Cette vaste compilation ne peut être analysée ici, même sommairement. Lancelot y est présenté comme aimant la reine Guenièvre depuis le jour où il a été armé chevalier ; lorsque, après de nombreux exploits, il trouve l’occasion et le courage de lui avouer ses sentiments, elle ne peut résister à la prière d’un tel héros, et sur-le-champ, en gage d’amour, elle lui offre et lui donne un baiser. À travers bien des épreuves, il lui demeure toujours fidèle, et ce n’est qu’à la suite d’un enchantement, croyant être dans ses bras, qu’il engendre Galaad, le futur conquérant du Saint-Graal. Les deux amants finissent leur vie sous l’habit religieux : après la terrible bataille où Arthur et le traître Mordret s’entretuèrent et qui mit fin aux aventures de la Table ronde (car « il n’en échappa que trois hommes, dont le roi Arthur en était l’un, qui était navré à mort » ), la reine s’était fait religieuse, pour éviter les fureurs des fils de Mordret, et Lancelot[1], après avoir vengé Arthur sur les fils du traître, ayant perdu ses amis et sa dame, se fit lui-même ermite.

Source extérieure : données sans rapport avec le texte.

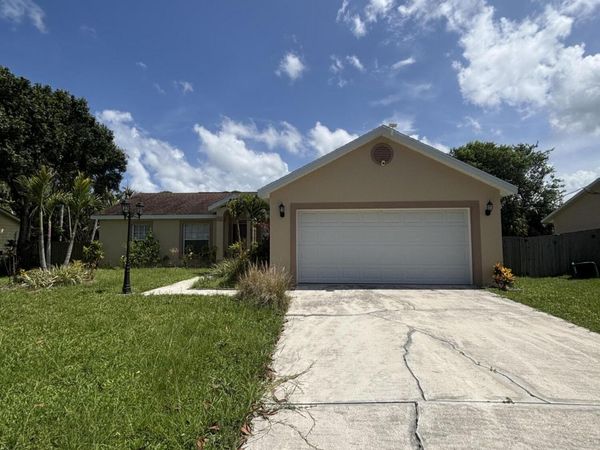 2274 SE LONGHORN Avenue, Port St. Lucie, FL 34952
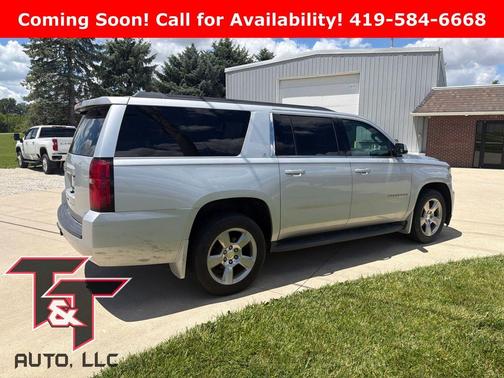 Silver Ice Metallic 2016 Chevrolet Suburban LT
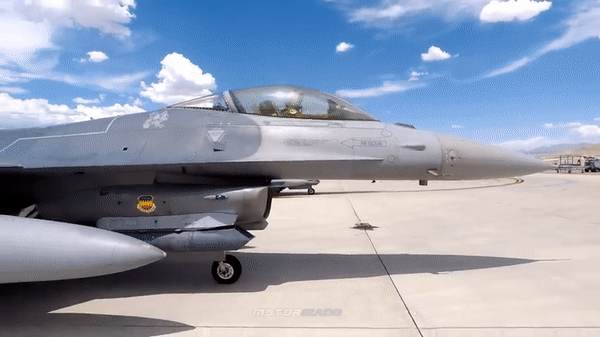 Chiến đấu cơ F-16 Mỹ bắn trượt UFO, buộc phải khai hỏa quả tên lửa thứ 2 - Ảnh 10.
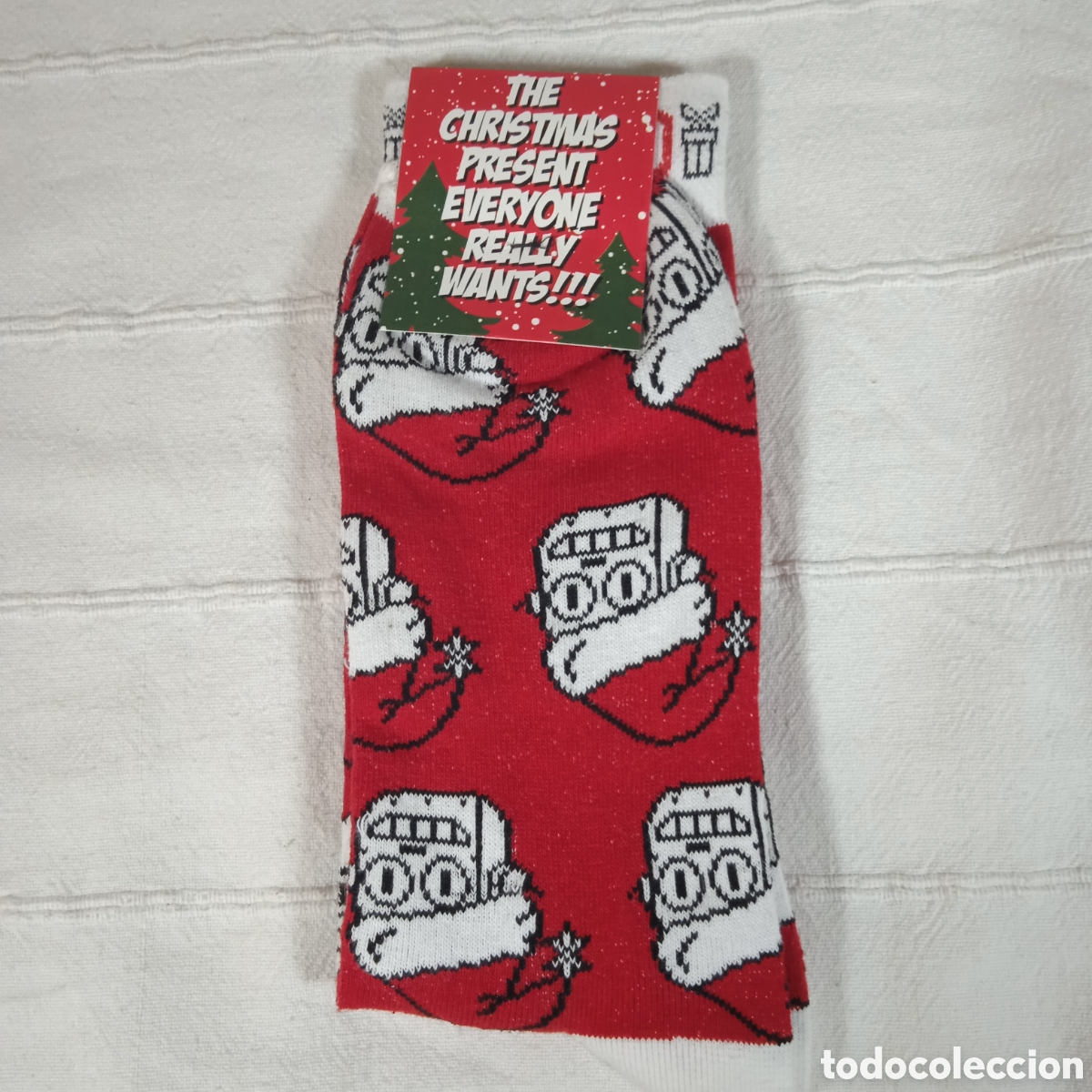 Coleccionismo: Par de calcetines navide&ntilde;os robot Qwertee - Foto 2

Avant le grand épisode de la trahison de Mordret et de la mort d’Arthur, les aventures du Graal avaient aussi pris fin. De tous les chevaliers qui étaient partis à la « quête » du Saint-Graal, trois seulement, Boort, Perceval et Galaad purent entrer

  1. Dans un autre roman du XIIe siècle, dont il ne reste qu’une traduction allemande, Lancelot a des aventures qui diffèrent considérablement de celles que lui prêtent Chrétien et l’auteur du grand Lancelot : il épouse la belle Iblis et termine paisiblement sa vie près d’elle.